▶ [Listed entries]:
════════

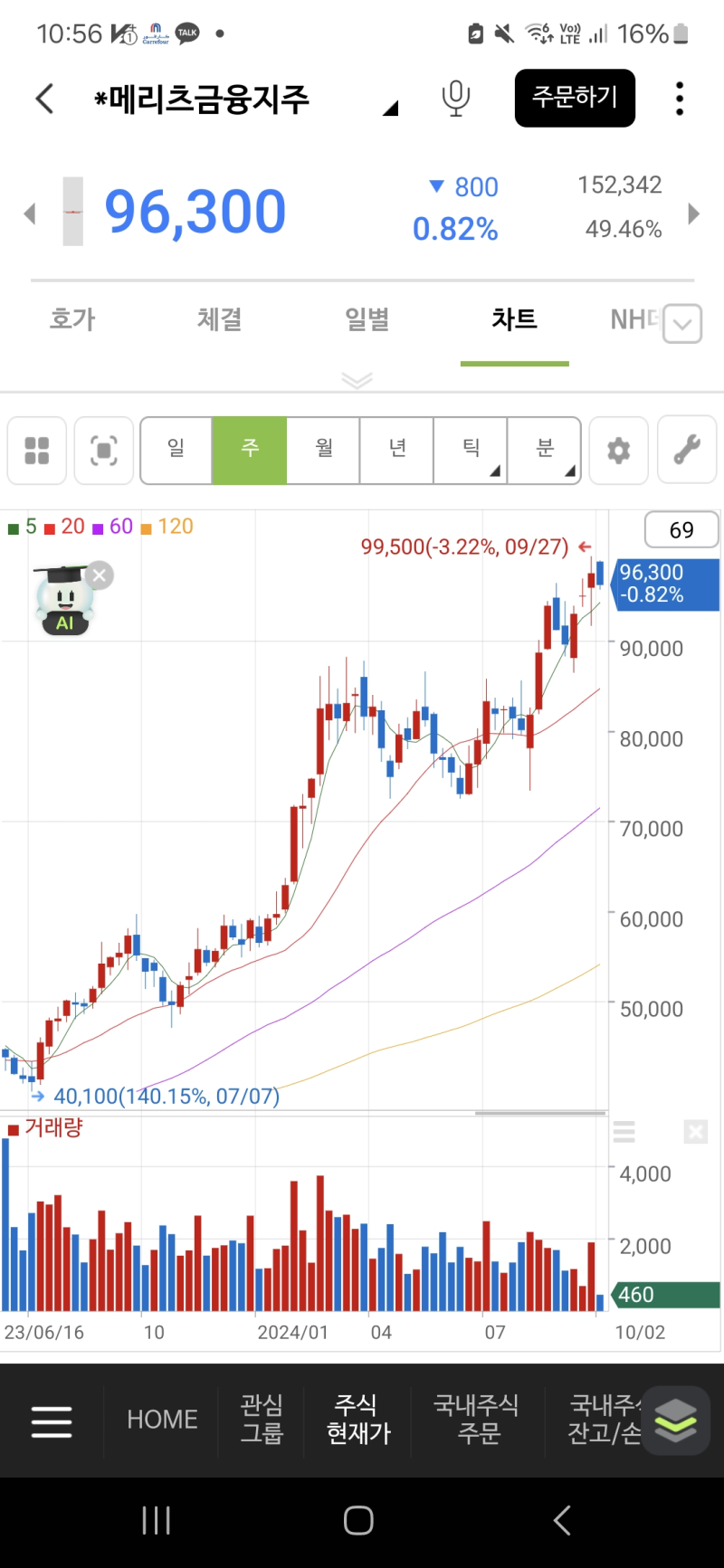 한국 주식 중 가장 미국 주식 같은 종목 138040 메리츠금융지주 : 네이버 블로그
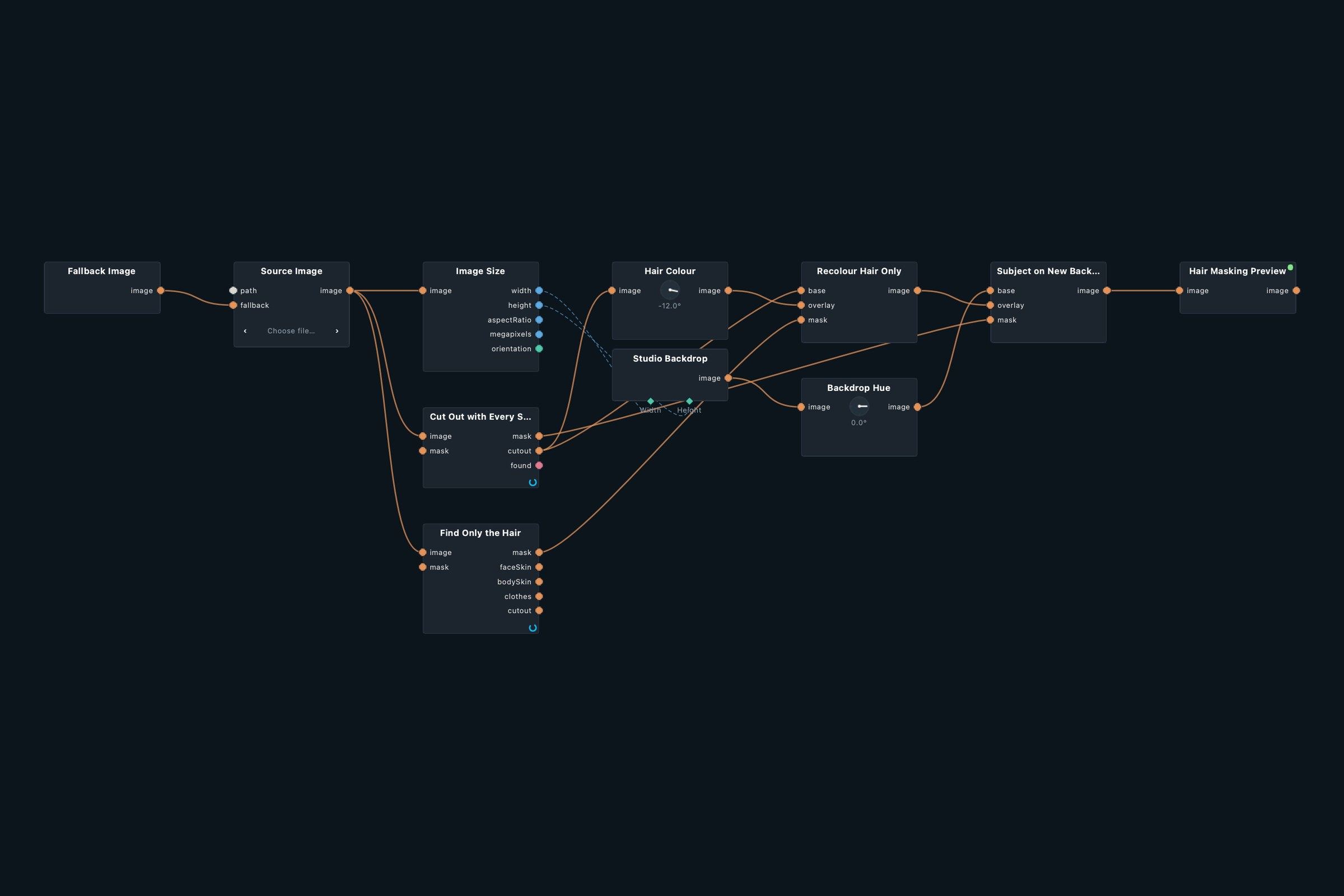 Node graph of the Hair Masking patch in Infinite Nodra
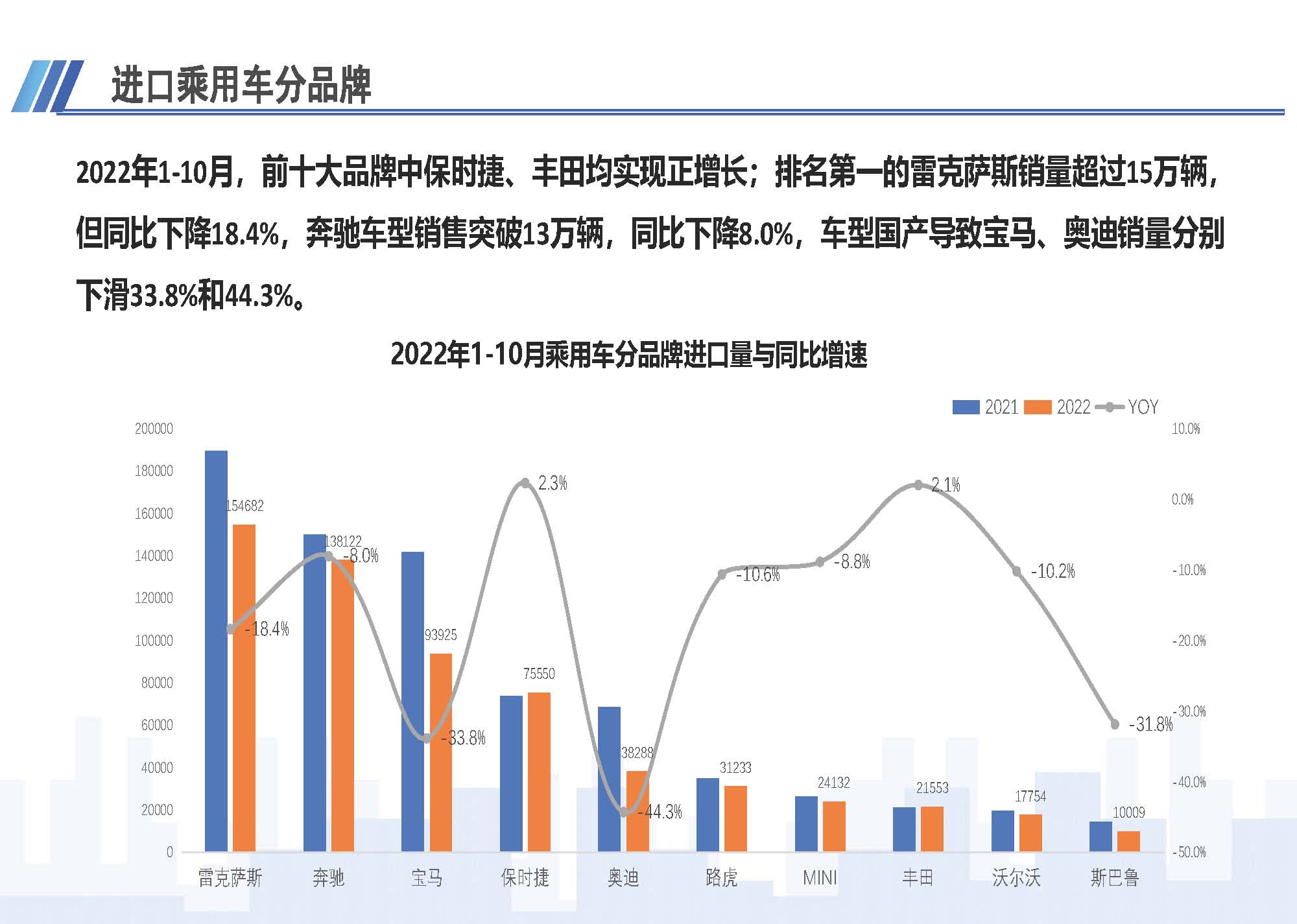 7、中国进口汽车市场情况（2022年10月）1123_页面_07.jpg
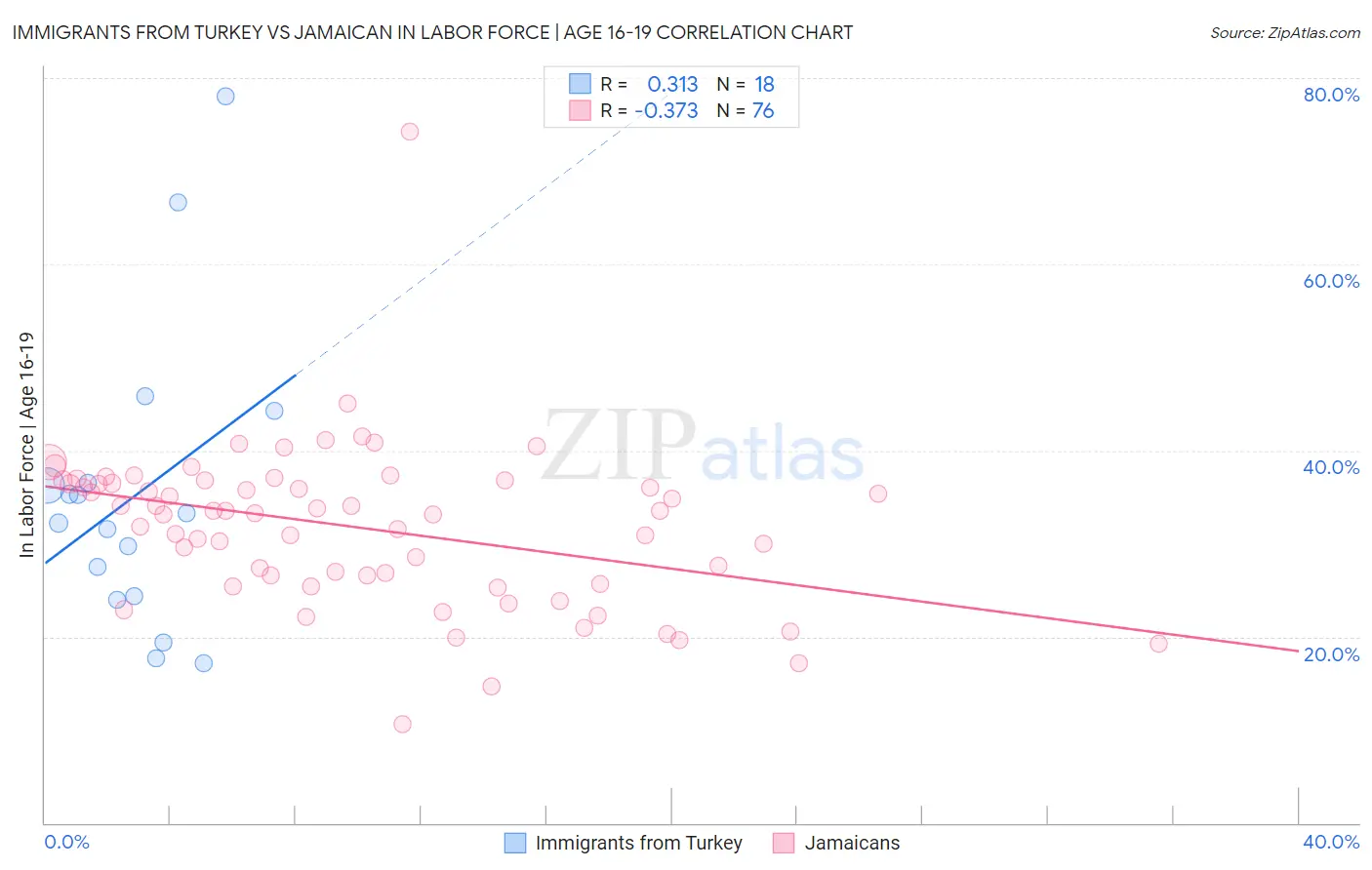 Immigrants from Turkey vs Jamaican In Labor Force | Age 16-19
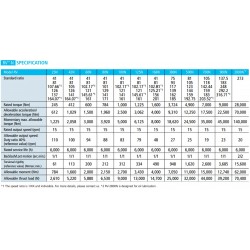 1 RV-N Serisi Hassas Redüksiyon Dişlisi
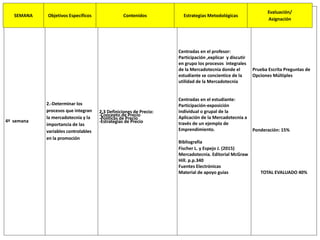 4ª semana
2.-Determinar los
procesos que integran
la mercadotecnia y la
importancia de las
variables controlables
en la promoción
2.3 Definiciones de Precio:
-Concepto de Precio
-Políticas de Precio
-Estrategias de Precio
Centradas en el profesor:
Participación ,explicar y discutir
en grupo los procesos integrales
de la Mercadotecnia donde el
estudiante se concientice de la
utilidad de la Mercadotecnia
Centradas en el estudiante:
Participación-exposición
individual o grupal de la
Aplicación de la Mercadotecnia a
través de un ejemplo de
Emprendimiento.
Bibliografía
Fischer L. y Espejo J. (2015)
Mercadotecnia. Editorial McGraw
Hill. p.p.340
Fuentes Electrónicas
Material de apoyo guías
Prueba Escrita Preguntas de
Opciones Múltiples
Ponderación: 15%
TOTAL EVALUADO 40%
SEMANA Objetivos Específicos Contenidos Estrategias Metodológicas
Evaluación/
Asignación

════════

▶ [Instructions to follow]:
Each line of the material that contains the string "estudiante" has to be copied out.

▶ [Task result]:
estudiante se concientice de la
Centradas en el estudiante:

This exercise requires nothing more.